In African drumming, the title of master drummer is given to a drummer who is well known by other masters for their high skill and knowledge. It is a title passed down from a master to their pupil, after they have learned all there is to know about the African drum.

In general, a master drummer has given their whole life to the djembe and dunun. They are able to play any part of any rhythm for their ethnic group and neighbouring ethnic groups, in any ceremonial situation. They also know the songs and dances that go with each rhythm.  A drummer can play for twenty years before he or she is given the status of 'Master'.

Another type of master drummer is a person who leads other drummers in playing drum rhythms, e.g. in the French Caribbean styles, the master drummer may be called "kamande" in French Creole.

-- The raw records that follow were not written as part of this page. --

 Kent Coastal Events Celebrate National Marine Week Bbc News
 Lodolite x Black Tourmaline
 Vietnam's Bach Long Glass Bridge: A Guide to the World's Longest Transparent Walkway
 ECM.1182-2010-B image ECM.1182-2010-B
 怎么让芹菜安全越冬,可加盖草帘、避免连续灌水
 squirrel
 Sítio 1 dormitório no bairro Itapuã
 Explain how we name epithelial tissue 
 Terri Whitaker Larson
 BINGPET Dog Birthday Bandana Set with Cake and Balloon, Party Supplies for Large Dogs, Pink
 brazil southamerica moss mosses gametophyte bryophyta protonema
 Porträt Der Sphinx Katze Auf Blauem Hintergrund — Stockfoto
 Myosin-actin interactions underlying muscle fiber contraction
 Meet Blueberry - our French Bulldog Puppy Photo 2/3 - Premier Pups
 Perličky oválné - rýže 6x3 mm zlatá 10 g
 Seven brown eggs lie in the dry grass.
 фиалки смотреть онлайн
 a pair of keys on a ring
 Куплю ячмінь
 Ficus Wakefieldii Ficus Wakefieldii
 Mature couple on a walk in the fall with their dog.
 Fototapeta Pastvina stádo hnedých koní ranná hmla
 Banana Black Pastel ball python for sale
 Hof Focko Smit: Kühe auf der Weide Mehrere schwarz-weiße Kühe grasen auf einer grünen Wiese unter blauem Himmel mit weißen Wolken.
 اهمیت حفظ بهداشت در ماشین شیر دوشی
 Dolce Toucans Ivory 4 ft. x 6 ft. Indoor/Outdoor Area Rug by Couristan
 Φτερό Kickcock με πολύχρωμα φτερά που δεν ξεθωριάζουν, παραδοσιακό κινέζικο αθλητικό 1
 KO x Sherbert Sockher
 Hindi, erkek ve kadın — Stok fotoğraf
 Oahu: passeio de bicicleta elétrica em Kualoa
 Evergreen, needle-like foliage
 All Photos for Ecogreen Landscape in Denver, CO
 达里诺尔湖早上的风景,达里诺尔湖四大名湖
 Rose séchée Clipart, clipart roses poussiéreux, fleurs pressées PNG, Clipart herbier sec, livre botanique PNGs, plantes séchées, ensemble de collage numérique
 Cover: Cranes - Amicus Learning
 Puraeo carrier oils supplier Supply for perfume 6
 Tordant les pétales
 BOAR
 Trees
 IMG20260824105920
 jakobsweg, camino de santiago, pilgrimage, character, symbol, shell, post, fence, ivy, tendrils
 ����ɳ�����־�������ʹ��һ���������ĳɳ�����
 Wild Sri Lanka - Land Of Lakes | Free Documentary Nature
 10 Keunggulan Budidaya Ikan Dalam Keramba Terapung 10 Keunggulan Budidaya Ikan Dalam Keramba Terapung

The master drummer can also lead the other drummers through a well known dance.

List of master drummers
Some well-known master drummers include:
 Bolokada Conde
 Soungalo Coulibaly
 Mare Sanogo
 Babatunde Olatunji
 Abdoulaye Diakité
 Yamadu Bani Dunbia
 Mamady Keïta
 Mustapha Tettey Addy
 Famoudou Konaté
 Drissa Kone
 Okyerema Asante
 Doudou N'Diaye Rose
 Sikiru Adepoju
 Amadou Kienou

Disambiguation
The term "master drummer" may also refer to an African live composer.